You don’t grow up the daughter of two high-achieving Nigerians without learning a few things about perseverance and the art of long-suffering. My parents packed up and shipped out from Benin and landed in London ready to live out their Igbo dreams and give us the best British life had to offer. This meant academy schooling. Gloria and I in the girls’ chapter of St. Jude’s and our brother, Nate, in the boys’ down the road. You know the sort: pleated checked skirts, Latin lessons, stiff blazers and a coterie of rich white people who think they are better than you and laugh at your Jheri curl because you look like Lionel Richie as you trudge dejectedly through the polished halls. School life was a study in abject misery. I was one of ten Black kids at St. Jude’s, a school of over eight hundred. Gloria was another. The others were in the years above me and we locked eyes as we passed one another in the halls, our expressions conveying our shared abhorrence at being shut up in such an establishment every day.

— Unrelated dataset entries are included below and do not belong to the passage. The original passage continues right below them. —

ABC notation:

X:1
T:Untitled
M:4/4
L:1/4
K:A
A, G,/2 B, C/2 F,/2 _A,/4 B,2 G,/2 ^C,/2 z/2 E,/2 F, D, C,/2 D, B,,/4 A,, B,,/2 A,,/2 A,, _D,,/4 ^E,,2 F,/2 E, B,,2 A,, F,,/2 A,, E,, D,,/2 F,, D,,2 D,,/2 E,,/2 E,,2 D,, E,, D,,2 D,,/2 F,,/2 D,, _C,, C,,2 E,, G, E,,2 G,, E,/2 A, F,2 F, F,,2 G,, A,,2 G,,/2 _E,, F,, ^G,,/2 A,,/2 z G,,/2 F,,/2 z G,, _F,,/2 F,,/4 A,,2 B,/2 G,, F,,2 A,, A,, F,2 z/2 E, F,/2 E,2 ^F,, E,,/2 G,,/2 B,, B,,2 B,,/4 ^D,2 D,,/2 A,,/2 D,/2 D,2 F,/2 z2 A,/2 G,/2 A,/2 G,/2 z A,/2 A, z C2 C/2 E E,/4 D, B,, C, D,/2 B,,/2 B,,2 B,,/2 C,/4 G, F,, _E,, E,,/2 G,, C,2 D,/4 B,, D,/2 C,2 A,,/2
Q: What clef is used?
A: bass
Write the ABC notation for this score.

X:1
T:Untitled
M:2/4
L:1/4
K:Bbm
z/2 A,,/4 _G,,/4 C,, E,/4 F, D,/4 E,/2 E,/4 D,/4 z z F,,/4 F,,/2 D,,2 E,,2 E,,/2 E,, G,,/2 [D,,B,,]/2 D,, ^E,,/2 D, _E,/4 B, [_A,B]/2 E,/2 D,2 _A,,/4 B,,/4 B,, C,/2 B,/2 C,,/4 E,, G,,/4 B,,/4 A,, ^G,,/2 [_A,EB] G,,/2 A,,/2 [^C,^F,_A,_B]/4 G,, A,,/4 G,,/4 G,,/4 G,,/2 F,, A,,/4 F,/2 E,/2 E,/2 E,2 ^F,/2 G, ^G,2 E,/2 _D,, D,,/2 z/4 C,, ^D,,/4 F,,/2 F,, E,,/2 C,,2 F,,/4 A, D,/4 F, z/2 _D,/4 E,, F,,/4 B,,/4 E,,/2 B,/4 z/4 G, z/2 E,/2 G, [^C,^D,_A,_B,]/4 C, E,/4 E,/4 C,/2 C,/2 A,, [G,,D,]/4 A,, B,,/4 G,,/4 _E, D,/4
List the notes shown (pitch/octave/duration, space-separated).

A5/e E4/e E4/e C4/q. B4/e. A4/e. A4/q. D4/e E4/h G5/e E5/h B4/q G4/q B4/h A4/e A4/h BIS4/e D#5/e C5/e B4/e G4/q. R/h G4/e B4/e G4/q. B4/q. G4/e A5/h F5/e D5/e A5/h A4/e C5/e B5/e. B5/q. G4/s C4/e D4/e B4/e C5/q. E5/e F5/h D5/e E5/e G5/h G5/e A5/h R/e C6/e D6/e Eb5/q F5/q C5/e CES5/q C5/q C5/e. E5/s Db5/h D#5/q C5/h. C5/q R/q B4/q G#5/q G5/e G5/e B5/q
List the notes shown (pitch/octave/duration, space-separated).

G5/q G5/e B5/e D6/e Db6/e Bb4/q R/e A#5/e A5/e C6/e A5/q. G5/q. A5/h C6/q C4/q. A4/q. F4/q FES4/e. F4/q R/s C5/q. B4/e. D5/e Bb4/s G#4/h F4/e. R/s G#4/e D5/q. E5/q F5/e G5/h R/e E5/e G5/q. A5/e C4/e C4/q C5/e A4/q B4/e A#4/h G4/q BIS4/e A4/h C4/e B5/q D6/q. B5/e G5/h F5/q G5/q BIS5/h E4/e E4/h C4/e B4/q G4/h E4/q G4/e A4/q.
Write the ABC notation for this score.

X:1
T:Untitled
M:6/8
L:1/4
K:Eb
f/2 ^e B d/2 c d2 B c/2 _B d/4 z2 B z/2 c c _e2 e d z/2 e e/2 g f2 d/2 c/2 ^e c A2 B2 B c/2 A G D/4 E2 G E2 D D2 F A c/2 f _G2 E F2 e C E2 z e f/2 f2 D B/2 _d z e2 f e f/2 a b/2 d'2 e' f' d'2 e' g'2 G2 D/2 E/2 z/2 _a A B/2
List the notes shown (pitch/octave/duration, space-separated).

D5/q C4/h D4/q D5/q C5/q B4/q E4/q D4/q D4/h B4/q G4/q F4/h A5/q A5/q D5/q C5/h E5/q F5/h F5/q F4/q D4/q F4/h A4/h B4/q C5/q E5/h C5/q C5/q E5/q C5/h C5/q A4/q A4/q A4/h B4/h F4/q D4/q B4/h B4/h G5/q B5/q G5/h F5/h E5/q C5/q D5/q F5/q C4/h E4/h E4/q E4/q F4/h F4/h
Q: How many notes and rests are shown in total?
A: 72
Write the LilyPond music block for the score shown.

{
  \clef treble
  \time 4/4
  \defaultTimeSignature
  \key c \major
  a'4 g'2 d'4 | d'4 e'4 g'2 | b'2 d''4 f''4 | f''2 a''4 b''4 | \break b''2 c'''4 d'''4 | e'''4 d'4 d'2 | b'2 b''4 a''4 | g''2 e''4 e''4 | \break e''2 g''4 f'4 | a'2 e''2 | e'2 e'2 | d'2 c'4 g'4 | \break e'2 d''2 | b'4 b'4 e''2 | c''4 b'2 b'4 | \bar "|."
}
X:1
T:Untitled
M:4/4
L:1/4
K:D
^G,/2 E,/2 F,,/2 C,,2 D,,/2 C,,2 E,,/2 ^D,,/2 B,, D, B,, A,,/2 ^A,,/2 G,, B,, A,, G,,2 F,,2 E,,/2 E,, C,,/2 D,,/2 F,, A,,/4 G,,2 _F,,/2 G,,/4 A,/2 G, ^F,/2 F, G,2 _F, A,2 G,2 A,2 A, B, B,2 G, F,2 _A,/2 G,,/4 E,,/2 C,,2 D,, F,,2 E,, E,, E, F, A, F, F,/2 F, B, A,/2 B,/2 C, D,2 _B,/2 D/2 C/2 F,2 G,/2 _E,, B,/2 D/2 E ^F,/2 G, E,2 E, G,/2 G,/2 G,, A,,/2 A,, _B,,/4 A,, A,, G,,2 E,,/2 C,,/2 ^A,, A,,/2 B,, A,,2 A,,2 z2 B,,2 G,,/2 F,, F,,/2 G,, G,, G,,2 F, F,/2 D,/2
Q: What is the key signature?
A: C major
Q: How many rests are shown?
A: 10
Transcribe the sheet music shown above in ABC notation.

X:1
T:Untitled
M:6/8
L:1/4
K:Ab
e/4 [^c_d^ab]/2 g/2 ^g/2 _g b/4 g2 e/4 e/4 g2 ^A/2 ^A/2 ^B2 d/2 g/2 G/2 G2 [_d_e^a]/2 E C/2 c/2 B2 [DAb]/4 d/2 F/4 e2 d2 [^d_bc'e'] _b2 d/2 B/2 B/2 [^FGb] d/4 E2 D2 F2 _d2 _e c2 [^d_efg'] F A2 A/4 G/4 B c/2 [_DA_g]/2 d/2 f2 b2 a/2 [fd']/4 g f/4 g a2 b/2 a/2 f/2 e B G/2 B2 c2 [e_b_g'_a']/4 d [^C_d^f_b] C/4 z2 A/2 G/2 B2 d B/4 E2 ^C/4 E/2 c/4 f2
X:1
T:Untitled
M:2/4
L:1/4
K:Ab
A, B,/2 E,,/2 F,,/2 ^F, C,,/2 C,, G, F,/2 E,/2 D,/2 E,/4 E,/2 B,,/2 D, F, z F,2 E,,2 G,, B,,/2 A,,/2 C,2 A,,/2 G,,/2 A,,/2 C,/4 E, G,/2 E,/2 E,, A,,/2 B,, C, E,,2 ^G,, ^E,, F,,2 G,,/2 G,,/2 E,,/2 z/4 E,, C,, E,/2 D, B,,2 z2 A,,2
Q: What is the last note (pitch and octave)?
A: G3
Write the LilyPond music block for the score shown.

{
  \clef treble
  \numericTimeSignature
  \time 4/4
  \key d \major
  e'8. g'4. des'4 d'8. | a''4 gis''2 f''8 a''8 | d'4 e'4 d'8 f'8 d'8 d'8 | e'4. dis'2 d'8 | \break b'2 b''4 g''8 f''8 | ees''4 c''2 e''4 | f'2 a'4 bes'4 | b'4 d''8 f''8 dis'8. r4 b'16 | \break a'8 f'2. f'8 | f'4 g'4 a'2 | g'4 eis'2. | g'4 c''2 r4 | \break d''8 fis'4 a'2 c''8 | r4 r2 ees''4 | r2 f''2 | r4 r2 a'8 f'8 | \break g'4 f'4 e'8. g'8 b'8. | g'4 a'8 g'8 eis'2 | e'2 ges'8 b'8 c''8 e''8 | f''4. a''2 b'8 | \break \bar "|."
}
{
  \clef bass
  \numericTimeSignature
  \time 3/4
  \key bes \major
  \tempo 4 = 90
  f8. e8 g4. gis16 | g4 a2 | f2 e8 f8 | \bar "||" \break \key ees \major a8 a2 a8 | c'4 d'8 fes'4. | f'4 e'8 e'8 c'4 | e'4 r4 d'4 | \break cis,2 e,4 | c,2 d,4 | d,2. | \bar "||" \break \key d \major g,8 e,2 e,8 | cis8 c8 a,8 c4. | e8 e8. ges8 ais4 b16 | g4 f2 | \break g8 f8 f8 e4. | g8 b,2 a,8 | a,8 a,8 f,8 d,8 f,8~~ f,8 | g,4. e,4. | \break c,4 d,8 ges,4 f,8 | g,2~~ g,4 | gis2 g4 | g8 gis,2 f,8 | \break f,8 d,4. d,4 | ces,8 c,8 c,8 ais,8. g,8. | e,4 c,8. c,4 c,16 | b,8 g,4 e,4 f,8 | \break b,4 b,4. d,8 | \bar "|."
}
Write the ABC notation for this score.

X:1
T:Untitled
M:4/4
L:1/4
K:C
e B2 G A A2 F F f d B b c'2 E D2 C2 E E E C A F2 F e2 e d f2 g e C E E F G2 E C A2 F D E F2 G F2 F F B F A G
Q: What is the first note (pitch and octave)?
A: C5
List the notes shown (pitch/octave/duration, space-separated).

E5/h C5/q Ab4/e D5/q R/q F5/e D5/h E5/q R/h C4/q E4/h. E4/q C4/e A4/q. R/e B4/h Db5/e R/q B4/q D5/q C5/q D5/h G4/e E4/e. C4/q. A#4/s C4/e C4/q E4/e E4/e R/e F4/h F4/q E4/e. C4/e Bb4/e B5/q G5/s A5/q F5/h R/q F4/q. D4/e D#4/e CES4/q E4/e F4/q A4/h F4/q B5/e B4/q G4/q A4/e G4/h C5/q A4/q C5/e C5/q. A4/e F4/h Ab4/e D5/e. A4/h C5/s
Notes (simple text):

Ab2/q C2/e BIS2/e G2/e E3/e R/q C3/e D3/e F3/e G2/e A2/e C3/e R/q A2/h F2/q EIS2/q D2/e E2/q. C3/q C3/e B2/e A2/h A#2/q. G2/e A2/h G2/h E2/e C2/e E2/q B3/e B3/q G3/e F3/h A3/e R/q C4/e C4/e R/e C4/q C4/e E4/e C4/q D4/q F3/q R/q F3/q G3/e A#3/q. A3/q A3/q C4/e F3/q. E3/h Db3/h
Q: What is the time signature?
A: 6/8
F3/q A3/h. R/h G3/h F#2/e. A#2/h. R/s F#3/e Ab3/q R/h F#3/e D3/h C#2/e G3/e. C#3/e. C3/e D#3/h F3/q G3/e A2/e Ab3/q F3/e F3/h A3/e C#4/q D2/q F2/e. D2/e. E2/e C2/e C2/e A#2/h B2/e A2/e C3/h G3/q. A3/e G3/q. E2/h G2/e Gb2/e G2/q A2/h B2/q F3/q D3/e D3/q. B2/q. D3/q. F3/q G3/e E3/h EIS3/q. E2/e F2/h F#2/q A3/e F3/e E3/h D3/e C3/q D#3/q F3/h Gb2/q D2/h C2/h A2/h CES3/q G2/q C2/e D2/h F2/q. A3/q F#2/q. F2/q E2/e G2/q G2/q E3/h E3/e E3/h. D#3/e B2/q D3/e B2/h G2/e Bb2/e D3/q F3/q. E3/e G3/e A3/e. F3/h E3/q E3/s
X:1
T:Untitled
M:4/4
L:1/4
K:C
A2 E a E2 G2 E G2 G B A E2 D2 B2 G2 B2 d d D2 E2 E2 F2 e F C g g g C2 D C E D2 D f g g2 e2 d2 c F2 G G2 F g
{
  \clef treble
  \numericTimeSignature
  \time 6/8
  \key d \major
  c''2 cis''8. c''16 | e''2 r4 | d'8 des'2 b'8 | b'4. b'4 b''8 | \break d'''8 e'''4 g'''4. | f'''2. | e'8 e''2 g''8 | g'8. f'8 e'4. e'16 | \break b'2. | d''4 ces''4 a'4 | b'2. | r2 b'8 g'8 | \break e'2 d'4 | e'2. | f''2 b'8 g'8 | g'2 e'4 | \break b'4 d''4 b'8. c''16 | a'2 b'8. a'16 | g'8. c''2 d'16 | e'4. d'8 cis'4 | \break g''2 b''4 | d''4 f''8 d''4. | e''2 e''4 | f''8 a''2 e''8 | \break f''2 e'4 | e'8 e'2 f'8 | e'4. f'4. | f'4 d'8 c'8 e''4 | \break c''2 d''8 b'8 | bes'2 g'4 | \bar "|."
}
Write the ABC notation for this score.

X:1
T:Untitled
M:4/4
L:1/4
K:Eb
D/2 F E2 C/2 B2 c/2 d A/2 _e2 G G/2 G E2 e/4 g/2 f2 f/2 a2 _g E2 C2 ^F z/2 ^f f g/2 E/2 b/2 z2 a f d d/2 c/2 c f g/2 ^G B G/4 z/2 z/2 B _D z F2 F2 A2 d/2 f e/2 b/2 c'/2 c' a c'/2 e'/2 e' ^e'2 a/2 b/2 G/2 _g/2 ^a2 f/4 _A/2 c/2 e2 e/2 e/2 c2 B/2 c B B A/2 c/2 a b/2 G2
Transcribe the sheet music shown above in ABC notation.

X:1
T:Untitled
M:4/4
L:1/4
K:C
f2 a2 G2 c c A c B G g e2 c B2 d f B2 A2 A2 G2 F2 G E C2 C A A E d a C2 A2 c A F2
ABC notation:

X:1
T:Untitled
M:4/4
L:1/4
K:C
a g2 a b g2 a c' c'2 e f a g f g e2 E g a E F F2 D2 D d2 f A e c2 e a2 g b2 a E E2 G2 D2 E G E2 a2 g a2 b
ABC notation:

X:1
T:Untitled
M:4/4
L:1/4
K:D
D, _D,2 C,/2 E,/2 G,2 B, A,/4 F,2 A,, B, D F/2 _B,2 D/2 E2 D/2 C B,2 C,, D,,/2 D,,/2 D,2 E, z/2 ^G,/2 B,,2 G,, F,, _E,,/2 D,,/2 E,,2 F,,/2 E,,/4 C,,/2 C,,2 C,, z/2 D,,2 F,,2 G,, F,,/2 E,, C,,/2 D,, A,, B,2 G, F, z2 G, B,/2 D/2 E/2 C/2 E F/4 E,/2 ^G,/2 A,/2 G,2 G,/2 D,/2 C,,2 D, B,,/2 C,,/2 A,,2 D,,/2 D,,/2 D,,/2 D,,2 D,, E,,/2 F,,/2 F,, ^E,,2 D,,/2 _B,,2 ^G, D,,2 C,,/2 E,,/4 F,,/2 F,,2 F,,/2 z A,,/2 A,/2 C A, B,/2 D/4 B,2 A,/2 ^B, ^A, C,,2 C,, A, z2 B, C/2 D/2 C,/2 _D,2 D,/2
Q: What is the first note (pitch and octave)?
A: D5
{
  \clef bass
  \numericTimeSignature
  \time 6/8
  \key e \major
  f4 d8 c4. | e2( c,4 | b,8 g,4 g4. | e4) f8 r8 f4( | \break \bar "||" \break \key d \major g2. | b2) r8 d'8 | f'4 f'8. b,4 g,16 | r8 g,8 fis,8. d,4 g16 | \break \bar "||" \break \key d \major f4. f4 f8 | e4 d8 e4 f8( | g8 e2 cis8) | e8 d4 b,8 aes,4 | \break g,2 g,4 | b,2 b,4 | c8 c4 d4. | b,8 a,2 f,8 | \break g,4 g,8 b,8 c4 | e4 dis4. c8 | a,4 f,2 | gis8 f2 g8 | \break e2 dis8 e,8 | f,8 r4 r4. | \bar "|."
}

Our parents thought they were doing the right thing. Nigerian parents don’t leave much room for failure. Your options as a Nigerian child are success or greater success. Mediocrity is to be cut out like a cancer, your pliable loin fruit molded into world-class surgeons and lawyers through discipline, a diet high in roughage and the best education a combination of government funding and extortionate school fees can buy.

I was already something of a shrinking violet, doing my best to remain anonymous and invisible, unlike Gloria, who commandeered the captainship of both the lacrosse and hockey teams and braided her hair, meaning she did not leave smears of Afro Sheen on every surface she encountered. But St. Jude’s made me fold into myself like an intricate piece of origami.

“It’s like you want me to be miserable,” I complained to Ma from the kitchen floor, where I had thrown myself after failing once again to convince her to pull me out of St. Jude’s and allow me to attend the local comprehensive. Ma, who was waking up at 4:00 a.m. every day to hustle to a lab on the other side of London to analyze samples for her PhD thesis, eyed me in a way that made my blood freeze in my veins.

“First of all, am I your mate?” she asked. “Oya, pua n’ebe à! I said get up! You don’t lie on the floor in a uniform your dad and I paid for and tell me I want you to be miserable. What is making you miserable?”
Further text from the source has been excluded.